ONERA has patented the principle of a low-cost device that significantly secures recreational aviation. The company Flarm Technology GmbH has developed the technology under license from Onera. With GPS data and a radio transceiver, FLARM locates other aircraft, gliders or drones equipped with Flarm flying nearby and offers the pilot a situational awareness that makes it possible to avoid midair collisions or collisions when landing. This system was made mandatory in France for gliders by an FFVV (French Gliding Federation) decision in March 2013.
Flarm became mandatory for gliders in France, as from the 1st of March 2013
This 1st of March 2013, by a decision of the French Gliding Federation (FFVV) (http://www.flarm.com/news/FFVV_CirculaireFlarmEN.pdf) carrying a Flarm became mandatory on all gliders, motor gliders and utility aircraft used in France.
Flarm installed above the dashboard of an ASW19. The enlarged view of the Flarm dial indicates that another glider is in front, flying at a lower altitude, invisible.
This firm decision was taken following the tragic crash on May 5, 2012 between a glider and a tow plane near Paris.

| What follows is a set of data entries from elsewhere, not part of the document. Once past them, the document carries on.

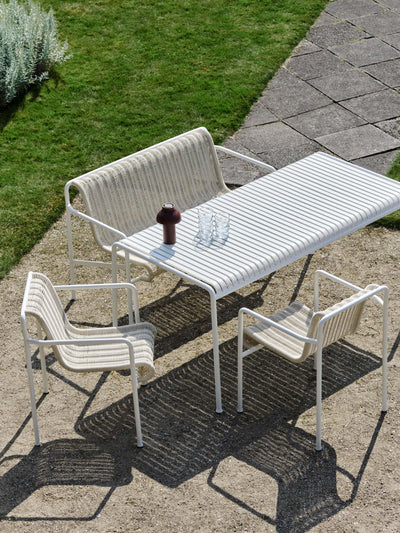 Hay Palissade table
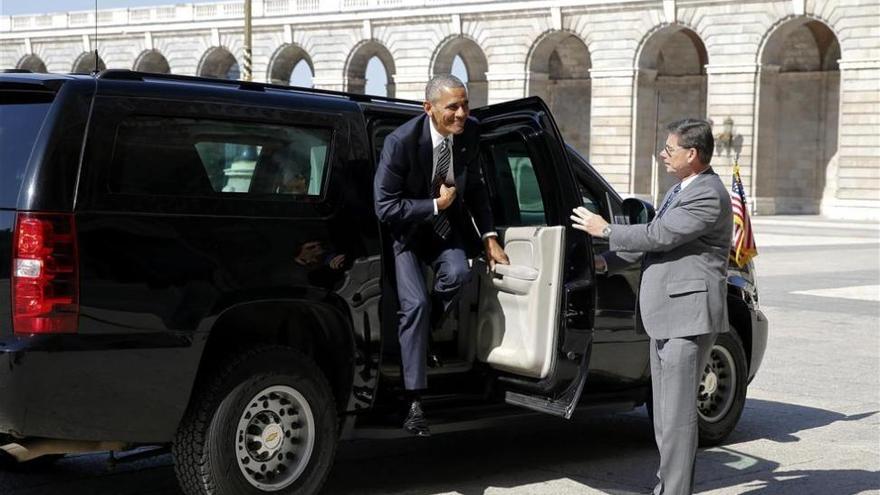 Obama agradece la comprensión española por acortar su visita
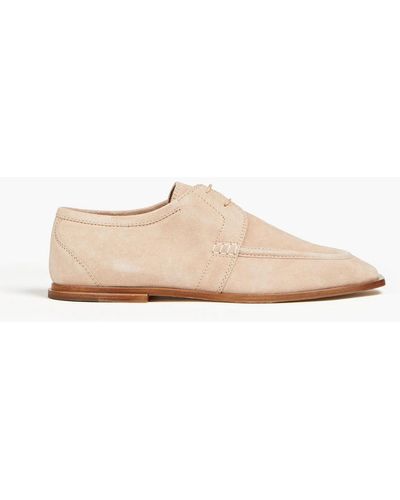Zimmermann Suede Brogues - Natural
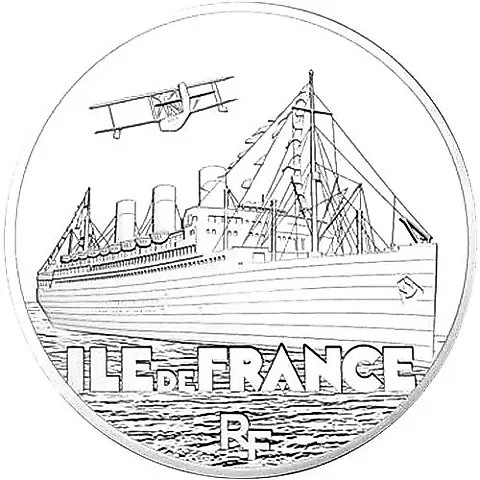 10 Euro 2016, Île-de-France France [France] Proof — 1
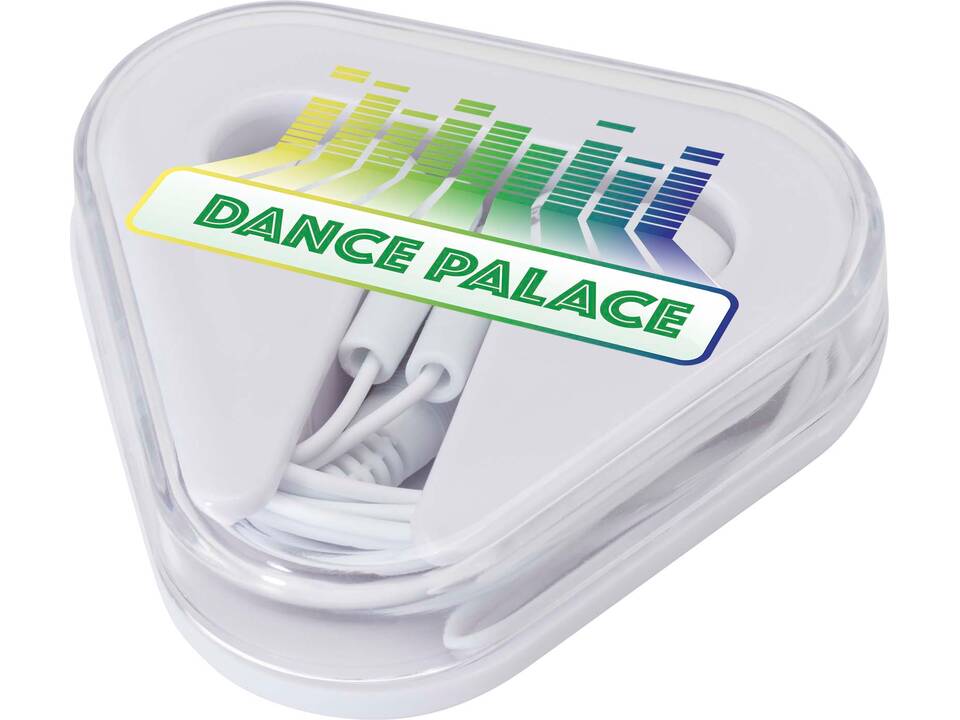 Rebel earbuds with recycled plastic storage box 1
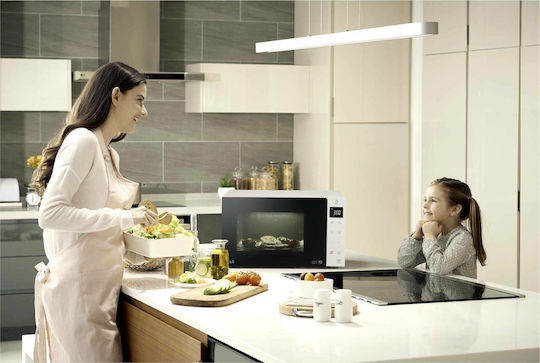 LG Microwave Oven 23lt White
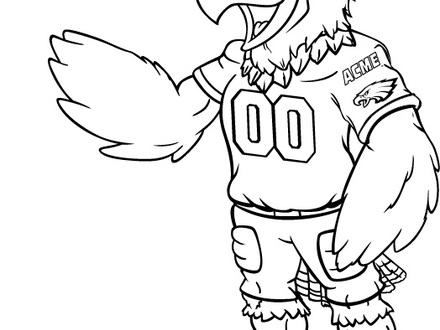 Free Printable Seahawks Coloring Pages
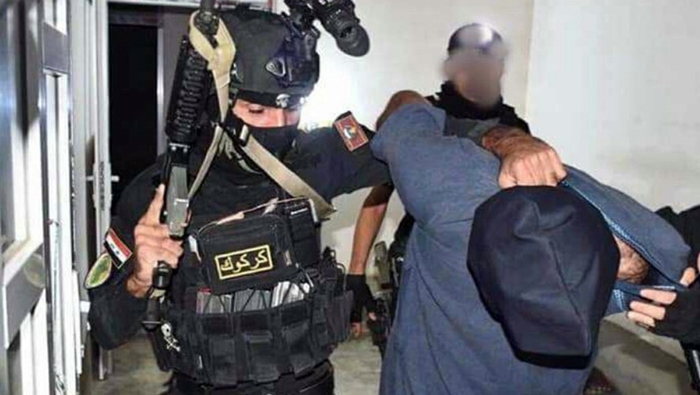 Li Nînowayê saneyeke DAISê ya ji 6 kesan pêk dahat hat girtin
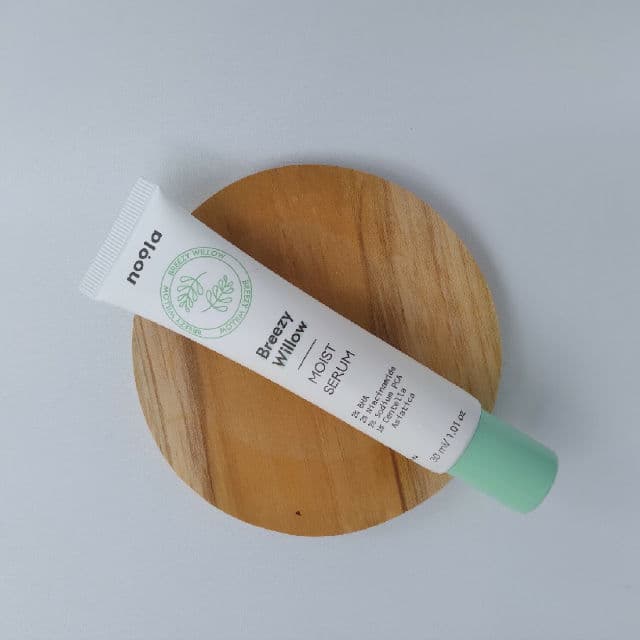 Noola Breezy Willow Moist Serum review photo by Ntii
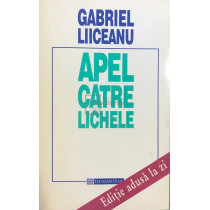 Apel catre lichele (dedicatie)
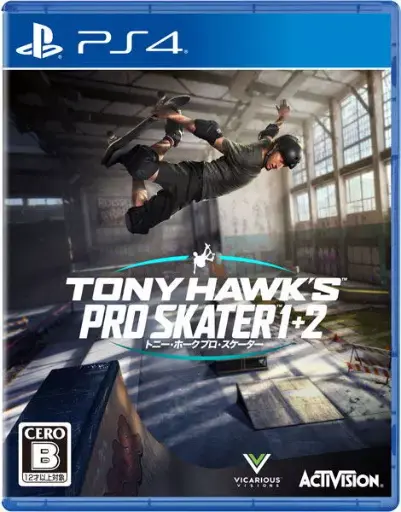 Tony Hawk's Pro Skater 1 + 2 -  PlayStation 4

Three very experienced pilots were the victims. In France, 48 midair collisions have been recorded since 1988 and 30 glider pilots have lost their lives.
This significant number of accidents is due to the fragility of the "see and avoid" concept. Indeed, in many airspaces, this principle which is the foundation of flight safety, is simply based on the perception by pilots of the air situation around their aircraft. The problem is that it is not always easy for both pilots to see each other and therefore be able to avoid each other.
A prospective study since 1997
Recognizing this sobering situation, ONERA has undertaken a prospective study since 1997 to analyze how the latest technologies could provide a solution to the problem. The technique of position and velocity broadcasting by any aircraft in a bubble around it, together with the processing of similar information that it receives from other aircraft flying in the vicinity, has proven to be the most promising: a solution was made possible thanks to the availability of low mass, low volume, safe and cheap GPS, computer and radio transmitter equipment. The definition of two prototypes of this equipment was then undertaken by ESME Sudria, under an agreement with Onera. The equipment was patented by ONERA in France in 1998 and the patent was extended to many other countries in 2002.
Today, there are more than 20,000 Flarm in the world and lives have been saved
In 2003, a team of Swiss pilots defined, developed and marketed the Flarm. Onera signed a licensing agreement with the company Flarm Technology GmbH enabling them to defend their product against third party competitors with the Onera patent, while keeping the price of the Flarm affordable for all general aviation pilots.
Sold for about 700€, easy to install and with low power consumption, the Flarm is accessible for all gliding clubs with a return on investment given by substantial safety improvement. Consequently, its use has been spreading throughout Europe since 2006, without any regulatory obligation having been enforced; pilots have noted the gain in security that it brings, by making the "see and avoid" principle more effective.
In 2010, Onera participated, within the "General Aviation" group of the European Aviation Safety Agency (EASA), in drafting the brochure "Collision avoidance", intended for all European pilots. On November 16, 2012, EASA authorized the integration of one of the versions of Flarm on certified aircraft.
On the 1st of March 2013, the FFVV mandated that a Flarm must be carried onboard all gliders, motor gliders and utility aircraft used in France.
Today, more than 20,000 Flarm are in service around the world, many stories show that they have already certainly saved several lives by alerting pilots who could not see each other due to the kinematics of their trajectories and that would consequently have otherwise collided.
Flarm and the inclusion of drones in air traffic
The wide dissemination of Flarm could also help to facilitate the integration of drones in airspace, as shown by the tests performed by ONERA in April 2013. The image below shows the information received by the pilot of the Salon de Provence BA701 glider on the position of the Onera Harrier glider simulating a drone, also equipped with a Flarm (red circle). The "Below" and "Left Front" indications allow the glider pilot to locate the drone and avoid it, even though the latter has not detected it because of the low optical and radar signatures of the glider.
With FLARM, the glider pilot is informed of the position of the drone operating in its vicinity. It can then take evasive action safely.sécurité.